We were both exhausted, a long hike through deep woods to get to the best spot. It's deep, and the trees are so thick they're like a wall a hundreds of feet high sheltering you from everybody else in the world. We sat there alone together on an overturned log, in a small clearing next to a small, cozy brook that bubbled like it was saying all those sweet, soft things I too often fail at. That's why I brought the fox out here with me. I figured the scene would say an awful lot more about myself than I'd ever manage. I think I was right, too. He looked around in a silent astonishment, as if he didn't believe such peacefulness existed in the world.
"How did you find this place? Some kind of fox's natural sense?
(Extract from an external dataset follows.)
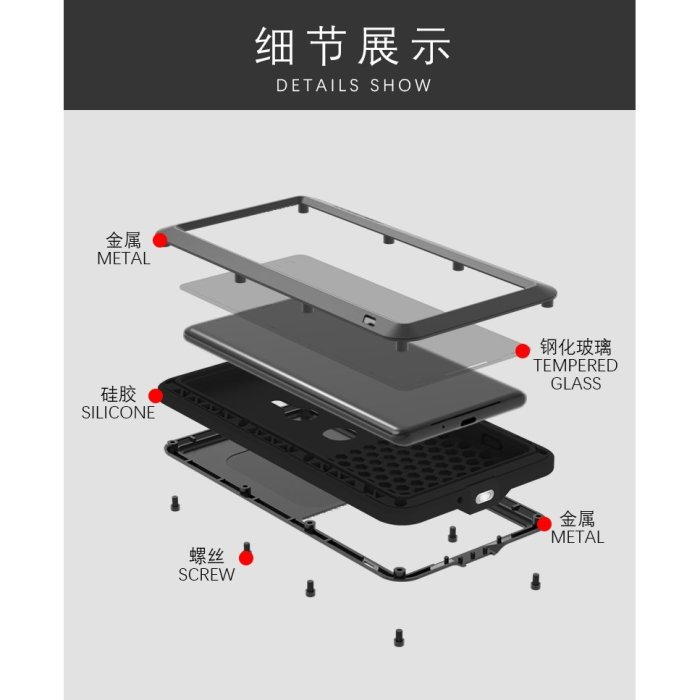【Lovemei】金屬三防殼 適用于Sony Xperia xz3 Xperia xz2 XZ2 Mini防水殼 三防殼-現貨上新912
Do I have it, too?"
"Maybe," I laughed coyly.
He turned his head slowly still to survey the scene. He dug his toes into the soft floor of leaves and grass beneath him, and didn't flinch when I put my paw on his. He blushed, and I followed suit. The woods were doing a lot of the talking for us.
I kissed him again, this time turning his head to catch him on the lips. We only kissed for a moment, and when we broke I meant to ask him if it was okay, but I froze. I was only breathing shallow, silent little gasping breaths, my heart fluttering and my head light, my jaw hanging open as I looked for something to say. The brook babbled, and he kissed me, pressing into my nose and pushing me backwards, messy, uncoordinated, irresistible. He was just as shy as I was, you could see it in the crimson blush that rose through his orange-red fur. I savored his taste, I pulled him closer, I listened to the sound of seclusion, which sounds a whole lot like a light breeze through thick trees, and wondered in the fact of how completely, utterly, entirely alone we were. Only two pairs of lips for miles and miles, and yet they found each other.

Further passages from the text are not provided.